(Recorded information Opens)
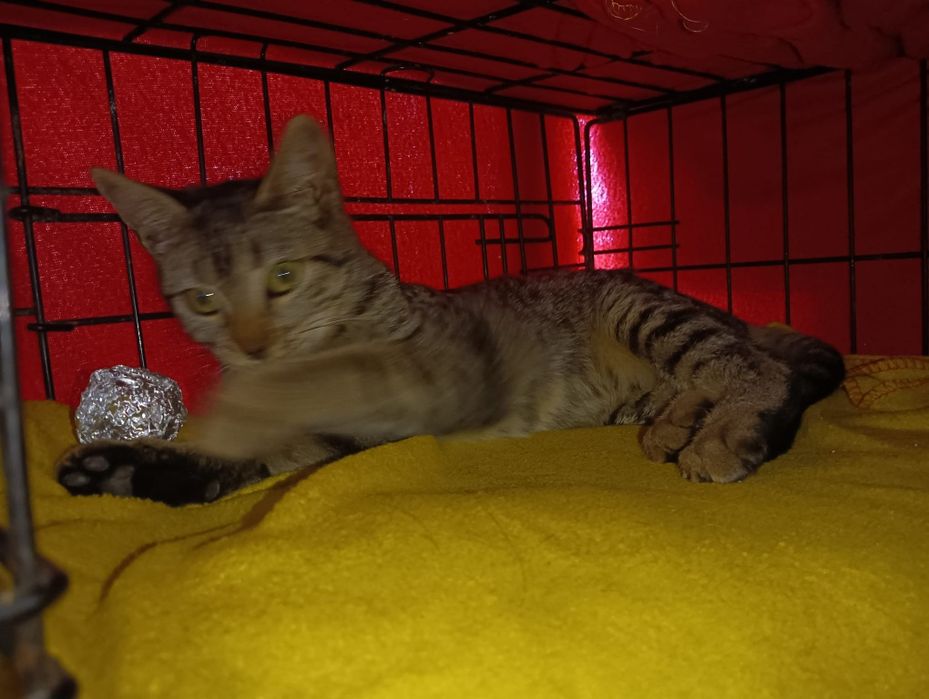 Gatinhos bebês com esterilização gratuita para adoção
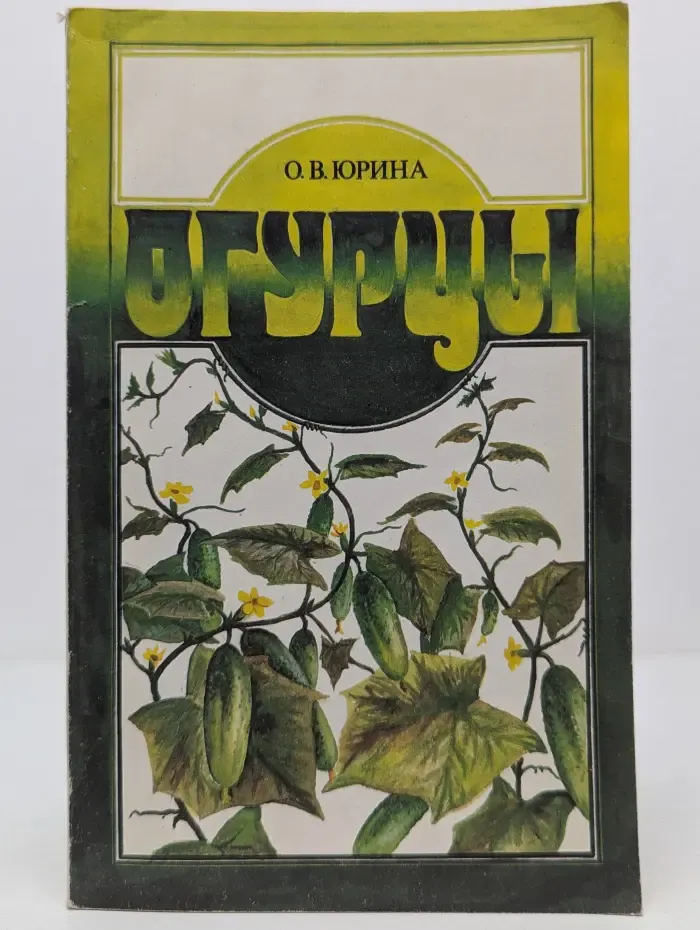 Огурцы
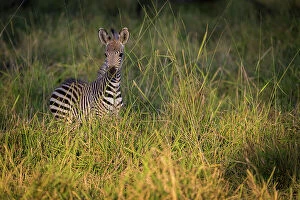: Zebra in long grass, South Luangwa National Park, Zambia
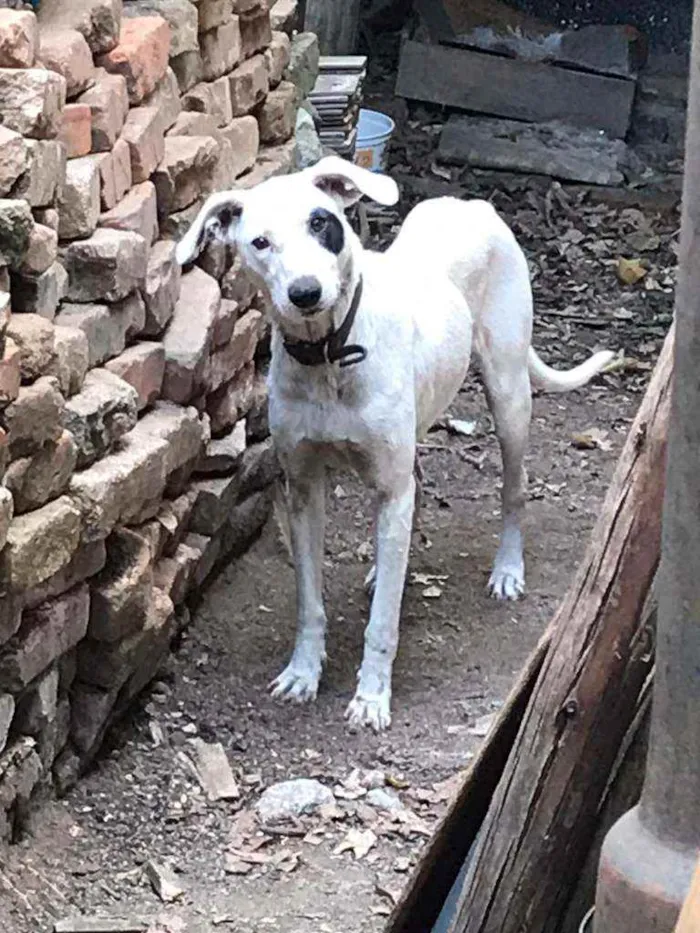 Cachorro ra a SRD idade 5 anos nome Pirata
(Recorded information Closes)
▶ _Requirement_:
Would you return the material above exactly, apart from its pictures?

▶ _Response for this exercise_:
 Gatinhos bebês com esterilização gratuita para adoção
 Огурцы
: Zebra in long grass, South Luangwa National Park, Zambia
 Cachorro ra a SRD idade 5 anos nome Pirata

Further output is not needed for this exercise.